Opened 18 months ago
Last modified 2 months ago
#34699 assigned Cleanup/optimization
Filtering on annotated TruncSecond expression gives unexpected result.
Reported by: | Stefan | Owned by: | Wes P. |
---|---|---|---|
Component: | Database layer (models, ORM) | Version: | 4.2 |
Severity: | Normal | Keywords: | |
Cc: | Aymeric Augustin | Triage Stage: | Accepted |
Has patch: | yes | Needs documentation: | no |
Needs tests: | no | Patch needs improvement: | no |
Easy pickings: | no | UI/UX: | no |
Description
With a non-UTC time zone:
TIME_ZONE = 'Europe/Berlin'
and a simply query like so
from django.db.models.functions import TruncSecond from django.utils import timezone book = Book.objects.get(id=2) now = timezone.now() book.published = now book.save() Book.objects.annotate(_published_trunc=TruncSecond('published')).filter(id=2, _published_trunc__lte=now)
The result is empty; I have simply filtered now
against a second-trunced version of now
so I would expect a result.
However under the hood the _published_now
column is converted to a naive timestamp using AT TIME ZONE 'Europe/Berlin'
and is thus a naive timestamp 2 hours ahead of UTC.
SELECT "book"."id", "book"."published", DATE_TRUNC('second', "book"."published" AT TIME ZONE 'Europe/Berlin') AS "_published_trunc" FROM "book" WHERE ("book"."id" = 2 AND DATE_TRUNC('second', "book"."_published_trunc" AT TIME ZONE 'Europe/Berlin') <= '2023-07-04 11:59:00+02:00'::timestamptz)
The filter compares a naive timestamp to an aware one, but assumes the LHS naive timestamp is a UTC timestamp - which it is not, it is Berlin time.
Workaround
1) Use TruncSecond(now)
in the filter so the compared naive timestamps are the same.
2) Use _published_trunc=TruncSecond('published', tzinfo=datetime.timezone.utc)
- I don't like this though.

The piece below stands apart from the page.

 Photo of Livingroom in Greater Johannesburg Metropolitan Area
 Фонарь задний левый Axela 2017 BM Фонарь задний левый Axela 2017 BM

It's not clear without a comment why the tzinfo is needed and it assumes the database will compare timezones using UTC.
Change History (15)
comment:1 by , 18 months ago
Cc: | added |
---|---|
Component: | Uncategorized → Database layer (models, ORM) |
comment:2 by , 18 months ago
comment:3 by , 18 months ago
Owner: | changed from | to
---|---|
Status: | new → assigned |
comment:4 by , 18 months ago
I've been trying to understand this report to properly triage it. From the docs for Trunc
and derivatives, when describing DateTimeField truncation, the example given shows this:
>>> Experiment.objects.annotate( ... date=TruncDate("start_datetime"), ... day=TruncDay("start_datetime", tzinfo=melb), ... hour=TruncHour("start_datetime", tzinfo=melb), ... minute=TruncMinute("start_datetime"), ... second=TruncSecond("start_datetime"), ... ).values("date", "day", "hour", "minute", "second").get() {'date': datetime.date(2014, 6, 15), 'day': datetime.datetime(2014, 6, 16, 0, 0, tzinfo=zoneinfo.ZoneInfo('Australia/Melbourne')), 'hour': datetime.datetime(2014, 6, 16, 0, 0, tzinfo=zoneinfo.ZoneInfo('Australia/Melbourne')), 'minute': 'minute': datetime.datetime(2014, 6, 15, 14, 30, tzinfo=timezone.utc), 'second': datetime.datetime(2014, 6, 15, 14, 30, 50, tzinfo=timezone.utc) }
The text and examples seem to indicate that when the stored datetime is in a given timezone, that tz would be used in the truncation unless otherwise specified by the tzinfo
param.
@stefan, can you double check that the values for published
are actually datetimes in the tz you configured you app?
comment:6 by , 18 months ago
Triage Stage: | Unreviewed → Accepted |
---|---|
Type: | Uncategorized → Cleanup/optimization |
I did some more research on this. I'm accepting this ticket because I do believe there is an unexpected behavior, which may be a bug or just a documentation issue.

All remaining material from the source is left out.